Menyalakan petasan boleh boleh saja asal bisa menjamin petasan itu tidak sampai mencelakai orang yang sedang melintas. Menyalakan petasan bisa jadi tradisi turun temurun, sebuah kegembiraan, sebuah ekspresi keceriaan, sambil menungga waktu buka tiba, tetapi jika sudah adiktif, lupa waktu dan tidak mau tahu keluhan- keluhan warga tentang bunyi bunyi yang mengganggu.
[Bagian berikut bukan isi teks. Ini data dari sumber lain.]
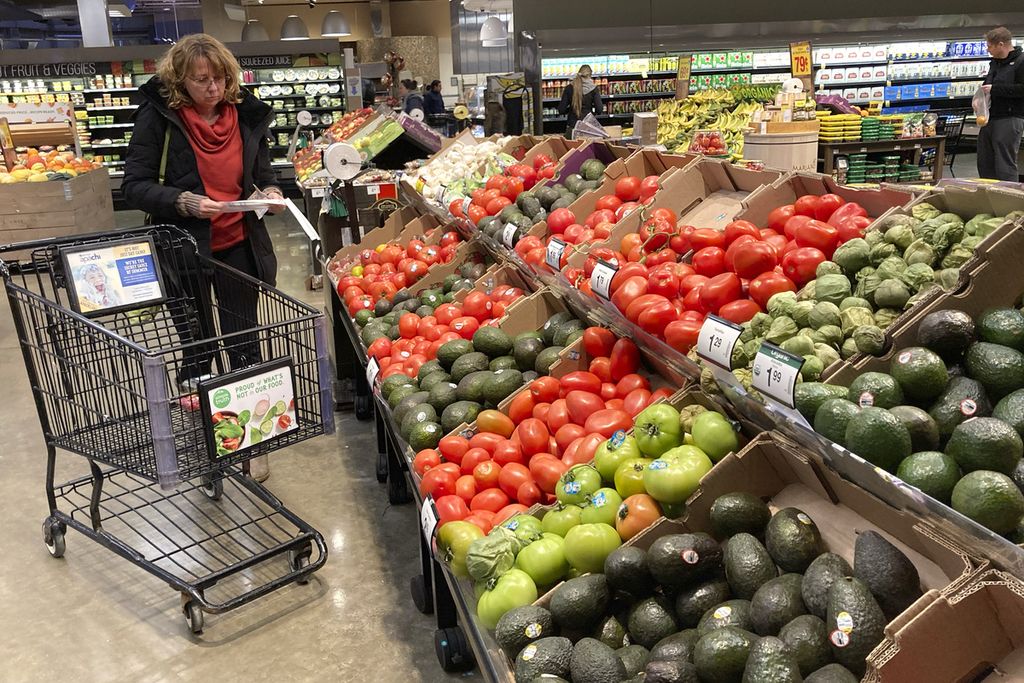 Seorang warga berbelanja di sebuah supermarket di Glenview, Illinois, Amerika Serikat, Sabtu (19/11/2022).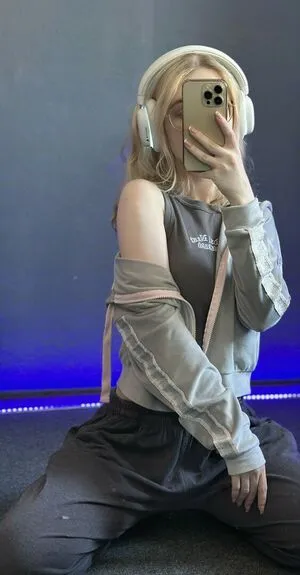 Fox Happiness OnlyFans Leaked Free Thumbnail Picture - #NEwRxrjSpt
Saatnya orang tua membantu memberikan pengertian pada anak- anaknya untuk tidak melakukan kegiatan yang mengganggu ketertiban umum. Petasan yang dinyalakan tidak pada waktunya tentu menimbulkan ketidaknyamanan. Maka pemerintah, aparat desa, kampung, ketua RT atau RW harusnya menghimba warganya untuk mengurangi kegiatan anak- anak yang mengganggu ketertiban umum.
Fokusnya menyalakan petasan saat hari raya, tidak setiap hari, sepanjang jam, saat warga lagi istirahat.
Kegiatan Positif Selain Membunyikan Petasan
Ketertiban tentu milik bersama. Jangan sampai karena petasan warga menjadi emosi (marah - marah), gara- gara petasan.Dalam bulan puasa sebaiknya menahan diri dan tidak melakukan kegiatan yang mengganggu ketertiban umum.Remaja bisa belajar di masjid, berdoa bersama atau kreatif saat ngabuburit dengan bermain musik kreatif, atau kegiatan yang bermanfaat lainnya.
Selamat menjalankan ibadah Puasa bagi Umat Islam semoga menjadi berkah buat semua umat manusia . Jangan sampai karena Ramadan suasana kebencian selama pemilu atau membuat hasutan berita hoax yang mencederai kesucian Ramadan. Salam damai Selalu.